Restate the whole listing below word for word and keep the images out.

---- Data section

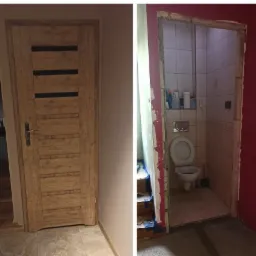 Dwa ujęcia: drewniane drzwi z poziomymi, czarnymi wstawkami przy ścianie w neutralnym kolorze oraz widok na remontowaną łazienkę z toaletą i płytkami, ściana pomalowana na czerwono, widoczne ślady...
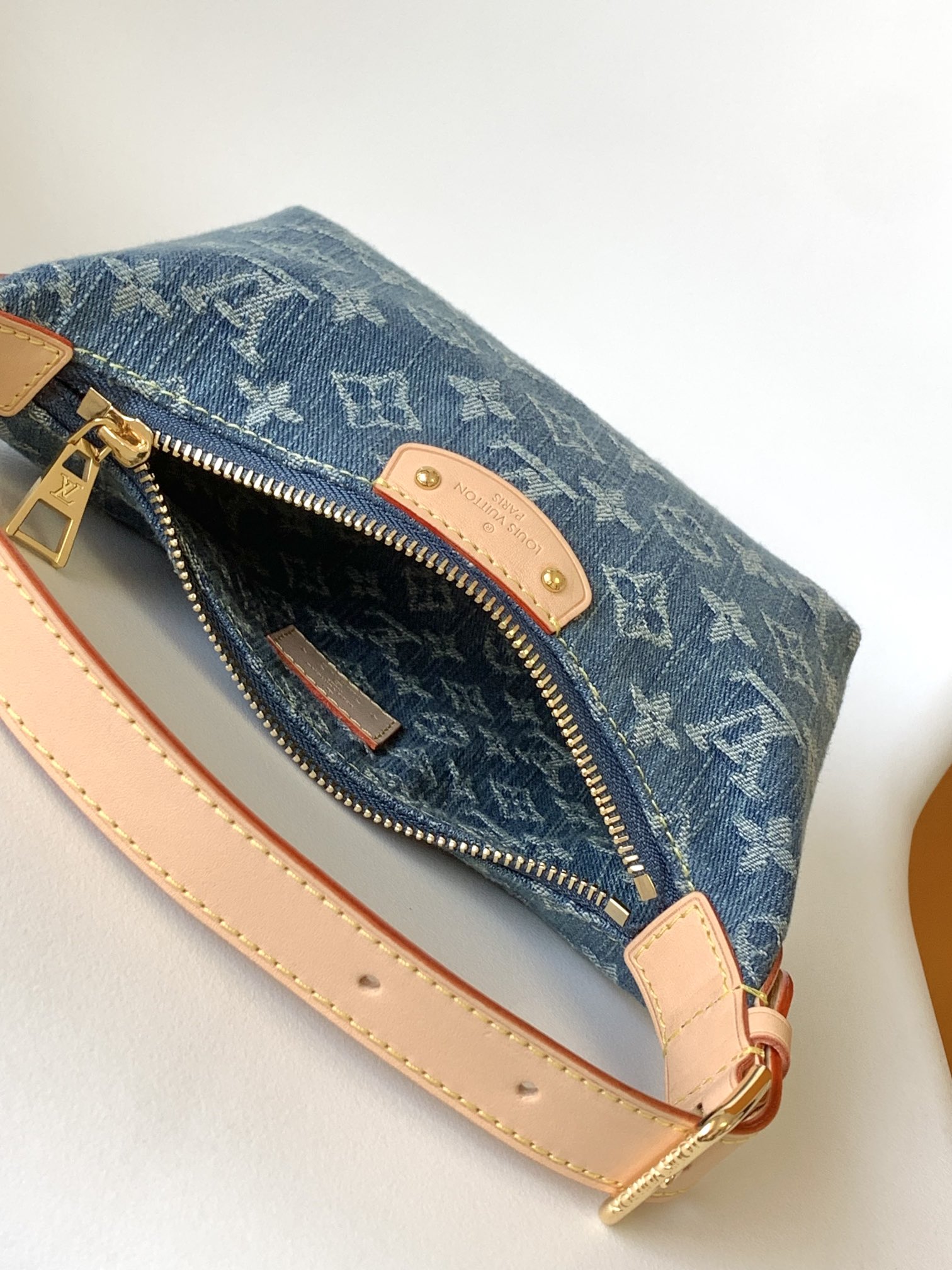 Louis Vuitton 动态163 hills pochette 腋下手袋m82949（蓝色牛仔）18.5cm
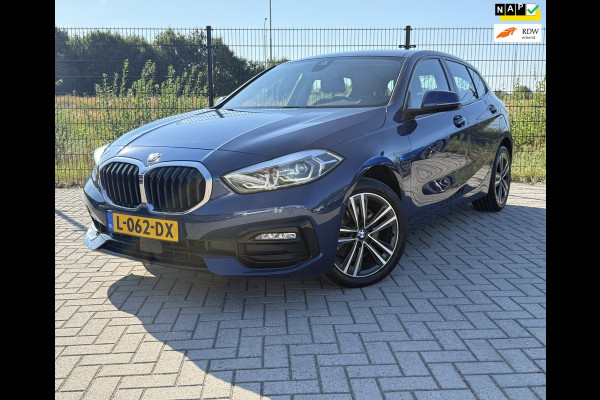BMW 1-serie 118i High Executive | Camera | PDC | Carplay | Cruise Control |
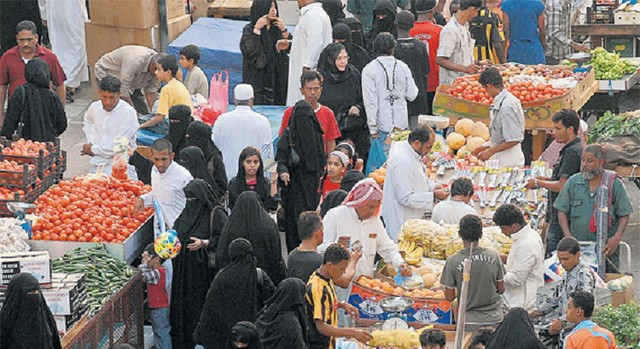 3088 Expats are banned from buying Vegetables from Central Vegetable Market 02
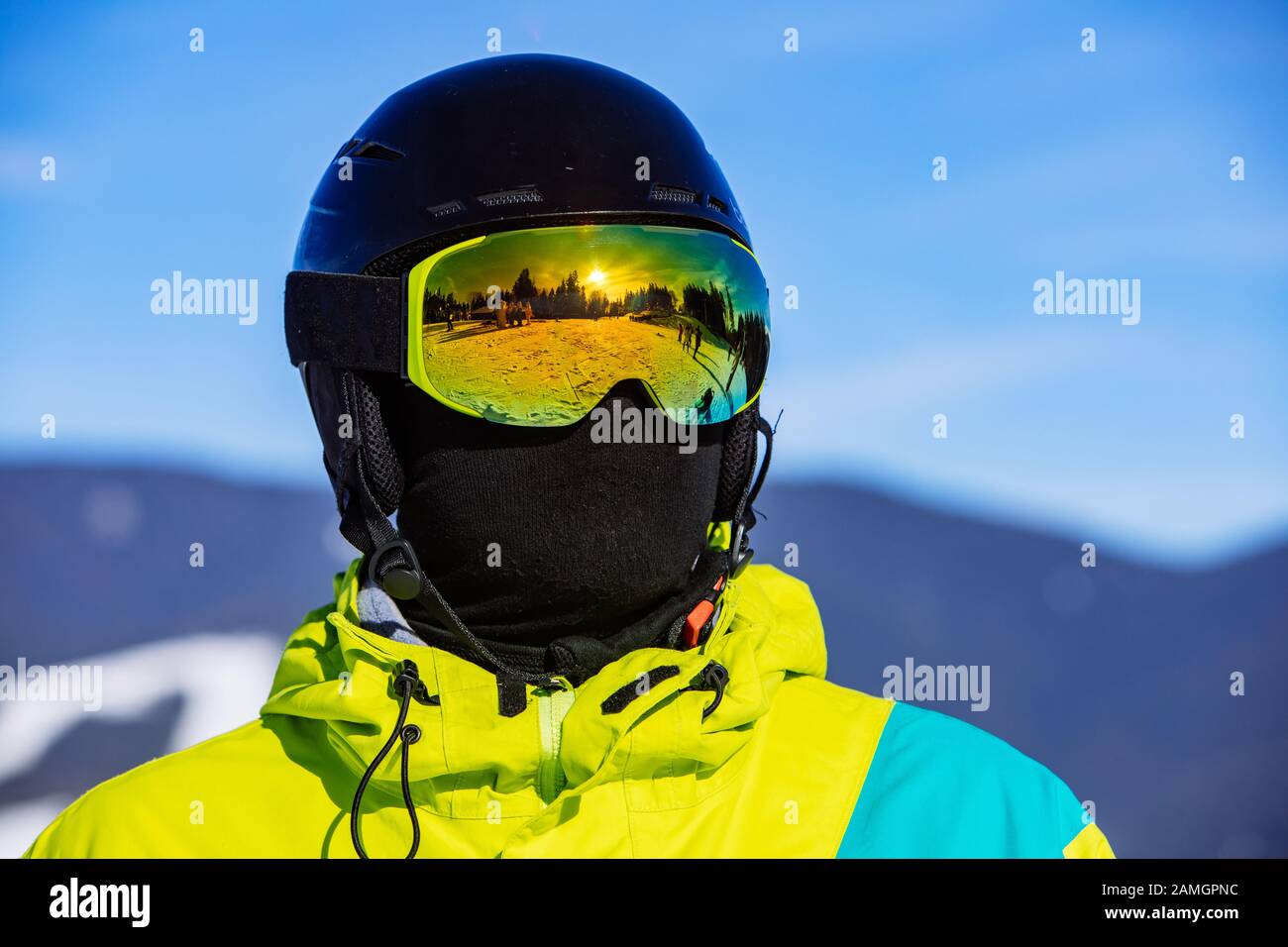 hombre en máscara de snowboard casco y balaclava Fotografía de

--------

_Answer to this task:_
 Dwa ujęcia: drewniane drzwi z poziomymi, czarnymi wstawkami przy ścianie w neutralnym kolorze oraz widok na remontowaną łazienkę z toaletą i płytkami, ściana pomalowana na czerwono, widoczne ślady...
 Louis Vuitton 动态163 hills pochette 腋下手袋m82949（蓝色牛仔）18.5cm
BMW 1-serie 118i High Executive | Camera | PDC | Carplay | Cruise Control |
 3088 Expats are banned from buying Vegetables from Central Vegetable Market 02
 hombre en máscara de snowboard casco y balaclava Fotografía de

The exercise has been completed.